苦しく苦しく思いつめまして……。失礼何卒おゆるし下さいませ。
吉岡先生様御許に[#地から1字上げ]葉山紀美子
何か異様なのである。こういう手紙は容易には書けぬ。文字も麗わしく、美文調でもあるが、底に、妖しいとも言える一徹なものを湛えている。それが吉岡信一郎の心に一本の釘を刺した。彼はペンを執った。
ずいぶん長く間を置いて、手紙が来た。次々に来るようになった。
野辺に萩咲く秋になりました。
吉岡先生には御機嫌うるわしくいらせられましょうか、お伺い申上げます。
先頃は思い迫って、厚かましい無茶苦茶なお手紙を先生に差上げまして、どうなることかと恐ろしさに、じっと目をつぶっておりました。
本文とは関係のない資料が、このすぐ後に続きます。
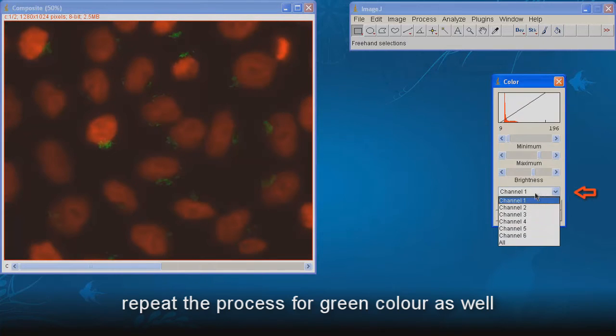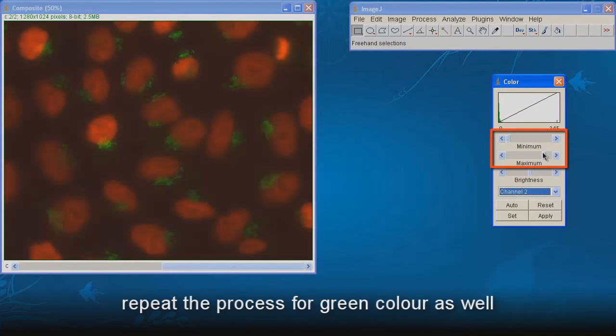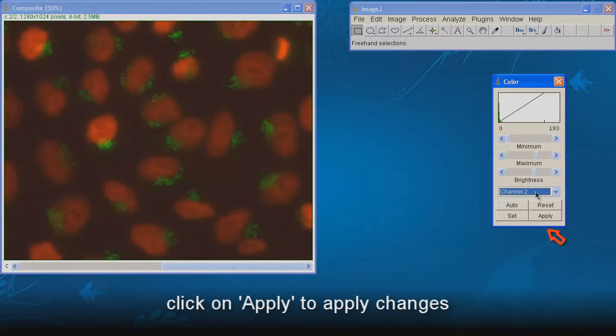Repeat the process for green color as well. Click on Apply to apply changes.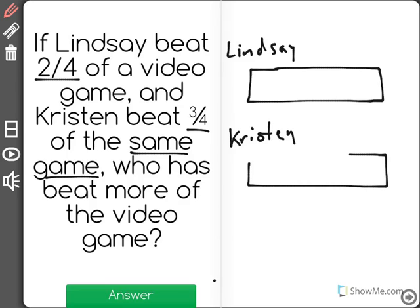Each of them have played the same game. That is what's most important, because it is the same game we can compare. If it was different games, we could not compare the two because we don't know who would have beat more — they're two different games.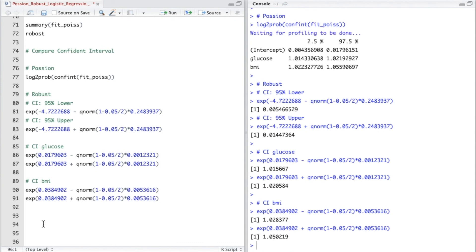All right, guys, those are all of the examples. Thanks for watching.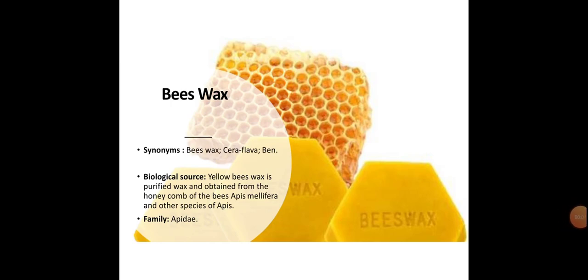Hello dear student, today we will discuss about beeswax. Synonym: beeswax, Cera flava, bane.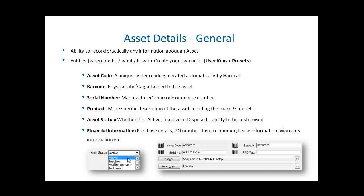Assets have financial information of purchase details, invoice numbers, lease information, warranty information and end of life. When generating an asset, the minimum requirements are asset code, barcode, asset type and asset description.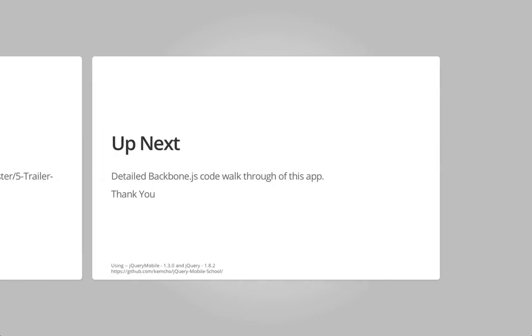In the next video, I'm going to go through the details of all of these views, routers, the application JSON, and what are the things we had to change in jQuery Mobile so that it worked fine with backbone.js. Thanks. Happy learning.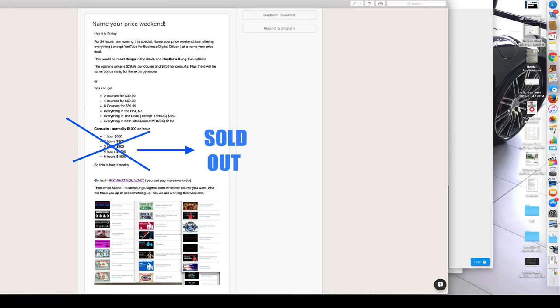But you pay what you want with the $39, the $59, $69. And what you will do is email Sasha and say what courses you want. She'll hook them up for you and email you when it's done. And you just log in and start learning. That's pretty much it.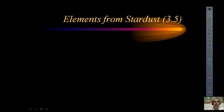We're going to finish up talking about metals, non-metals, and metalloids. We're also going to talk a little bit about fission and fusion, and go ahead and talk a little bit about astronomy when we talk about elements from stardust.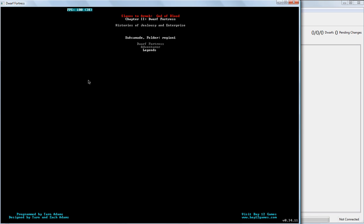And Legends mode is where you can go in and you can view all the historical events that have ever occurred on this world. And you can look at every single solitary person or beast or anything that exists on this world. Which, as you saw, there was over 5,000 of them. That's a lot of people with a lot of stories and a lot of history.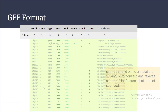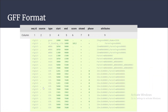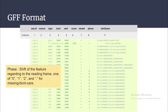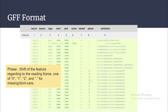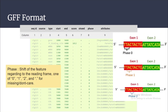Coming to the eighth column, that is phase. Phase basically indicates the shift of the feature with regard to the reading frame. For CDS (coding sequence), the phase value will be either 0, 1, or 2. If a dot is there, it means we don't have the information. Let's explain what phase 0, 1, and 2 mean.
それが、それが、ほんとうにどうしたことでございましょう。神様のようにおえらい先生が私のようなバカにお手紙を下さいました。
私は狐にでも[#「狐にでも」は底本では「孤にでも」]ばかされたように、ぽかんとして、何にもわけがわかりませぬ。私は夢を見ているのではないのでございましょうか。何にも信じられませぬ。夢ならば、いつ迄もいつ迄も死ぬるまで醒めないでほしゅうございます。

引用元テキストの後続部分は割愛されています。